En el ámbito del Derecho
mercantil existían los tribunales de comercio para juzgar todas las materias
que le concernieran y su jurisprudencia fue la primera en reconocer que solus
consensus obligat (‘basta el acuerdo para obligar’). Por las exigencias del
tráfico mercantil, no se podía vincular la eficacia jurídica de los pactos al
cumplimiento de ciertas formalidades y por ello es claro que en esta rama del
Derecho se comenzara a admitir la eficacia de los simples pactos.
En la edad moderna, los
teóricos del Derecho natural, que en cierta medida secularizaron las ideas
previas al Derecho canónico, admitieron sin reserva la voluntad como fuente de
obligaciones. Fue Hugo Grocio quien en su obra De iure bello a.C. pacis
fundó todo su sistema en la “necesidad de cumplir las propias promesas”.

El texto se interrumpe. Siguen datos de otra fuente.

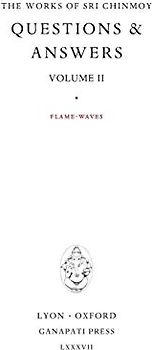 Answers II: Flame-Waves (Works of Sri Chinmoy, Band 5)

Aparece por tanto el contrato como categoría donde el pilar básico es la simple
voluntad de obligarse. Estas ideas se mostraron en consonancia con el
pensamiento individualista y revolucionario de todos los juristas que
influyeron en la redacción del Código de Napoleón (1804), como Domat o Pothier.
Hemos de recordar que en esta época el contrato era una institución tan
valorada, que incluso se situaba en el fundamento constitutivo de la sociedad
política (el contrato social) o se hablaba del matrimonio como contrato
matrimonial. Fruto de todas estas influencias, el artículo 1134 de dicho Código
afirma: “las convenciones formuladas conforme a las exigencias de la legalidad
adquieren fuerza de ley entre las partes”. Este artículo supone una definición
de la moderna categoría del contrato, que además gozaba de grandes virtudes
para los revolucionarios, pues rompía obstáculos para la contratación del
Antiguo Régimen y favorecía a la clase en ascenso, la burguesía, reforzando la
dinámica del desarrollo industrial. De este modo se llegó al concepto de
contrato hoy vigente que ha pasado a todos los códigos modernos y que puede
sintetizarse con palabras sencillas en la fórmula antes citada: acuerdo de
voluntades destinado a producir efectos jurídicos.
En la actualidad se habla
de la crisis de la figura del contrato, o más bien, de la crisis de los
presupuestos que originaron el contrato. De hecho, el acuerdo que representa la
base del contrato, se suponía que debía tener lugar entre voluntades libres e
iguales, lo cual no es del todo cierto hoy en día. La realidad social muestra
que la libertad, a la hora de contratar, no existe o está muy limitada en casos.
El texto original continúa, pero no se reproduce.